Saldırı Diereleri, Thureos Mızrakçıları
Yetiştirme Maliyeti | 410 | |
Bakım Masrafı | 82 | |
Gemi Sağlığı | 566 | |
Gemi Hızı | 6 | |
Yakın Muh. Saldırısı | 24 | |
Silah Hasarı | 25 | |
Yakın Muh. Savunması | 55 | |
Zırh | 70 | |
Sağlık | 50 |
Kabiliyetler
Güçler & Zayıflıklar
- Çok zayıf omurga gücü
- Çok hafif mürettebat
- Yüksek hız
- Zayıf tokmaklama
- İyi bindirme
- İyi savunma birimi
- Düşük hasar ancak ortalama zırh delimi
- Ortalama saldırı
- Normal Moral
Tanım
Su düzeyi mahmuzları, bir tekneye ilk defa MÖ 850 dolaylarında takılmıştı. Savaş gemileri ve donanma taktikleri biçim değiştirmişti. Gemiler artık su üzerinde piyade savaşları için bir zemin değillerdi; geminin kendisi bir silaha dönüştü. Yeni gerçeklik çöktükçe gemiler değişti. Hızlı tokmaklama bir düşmanı delecek ve batıracaktı, bu nedenle daha ince, hızlı ve kullanışlı gemiler gerekiyordu. Daha fazla hıza olan talep, açıkça daha fazla küreğe ihtiyaç duyuyordu, tek dizi kürekli hızlı gemilerin uzun zaman sonra pratikten yoksun ve aptalca oldukları anlaşıldı. O zaman çözüm, ilkinin üzerine ikinci bir kürek seti yerleştirmekti, lakin kürekçilerin oturma sıralarına olanak sağlamak için iyice denkleştirilmiş bir halde. "İki kürek setli" anlamına gelen Latince bir kelime olan biremelerin, ya da Yunanca karşılığı dierelerin, daha önceki tasarımlardan, iki katı kürekçiye sahip olmaktan başka farkları yoktu. Hareket kabiliyetleri yüksek ve hızlılardı ve de savaşan bir takım taşıyabilirlerdi. Bazı uluslar, bireme mürettebatlarına ayrıca ateş çömlekleri verdiler, bu kil çömlekler yağ ve ziftle doldurulur ve tamamiyle mantıklı bir umutla, düşman gemilerini ateşe vermek için fırlatılırlardı.

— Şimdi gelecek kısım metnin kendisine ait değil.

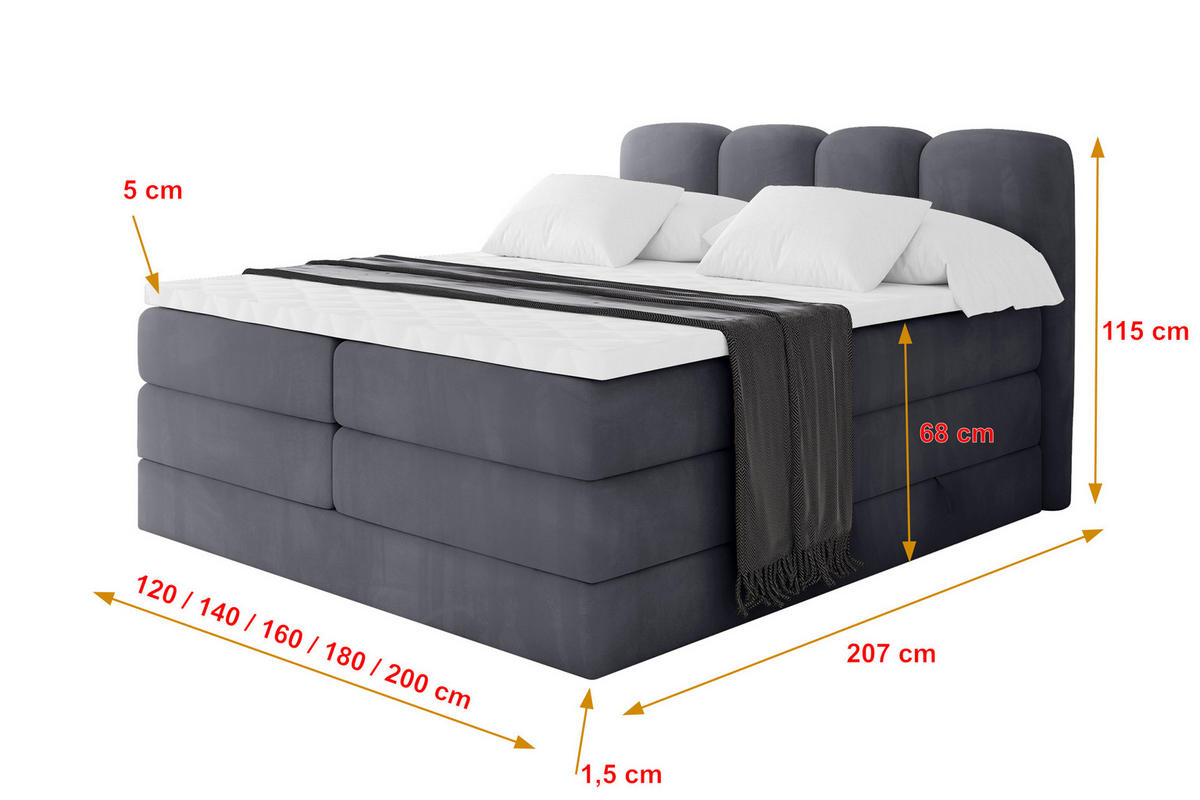 BOXBETT mit Matratze H3|H4 - NINA KING - 160x200 cm - Dunkelgrau - Dunkelgrau, Holzwerkstoff (160/200cm) - ALTDECOR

Hafif Yunan piyadeleri olan thureophorolar, MÖ 4. yüzyılın başlarında ortaya çıktılar ve çatışan peltastlarla falankslar arasındaki boşluğu idare ettiler. İsimlerini geniş oval kalkanları thuerostan alan bu askerler, geleneksel Trakya ve Yunan peltastlarından daha ağır zırhlanmışlardı. Hem hücum edebilir hem de bir falanks gibi düzen alabilirlerdi ve kanatları muhafaza etmek ve diğer hafif birlikleri korumak için kullanılırlardı. Genellikle ahşaptan yapılma ve deriyle kaplı kalkanları, düşey bir omurgayla ve ıskarmoz benzeri bir şeritle korunan merkezi bir tutacağa sahipti ve zamanının Kelt ya da Roma kalkanlarından ilham almış olabilirdi. Daha uzun olan sarissa gibi, thureophoroların kullandıkları mızraklar, denge sağlaması için ağır bir dipçik miline sahipti, ama bu aynı zamanda onların eğer bunları kuşanmışlarsa, mızraklarını yere saplayarak cirit atabilmelerine de olanak sağlardı. Çok çeşitli vazifeleri yerine getirebilen thureophorolar, Büyük İskender ve II. Filip'in Makedonya falanksları onları gölgede bırakana kadar, Yunan şehir devletlerinin hem yurttaş hem de paralı birimleri arasında kendilerine geniş yer bulurlardı.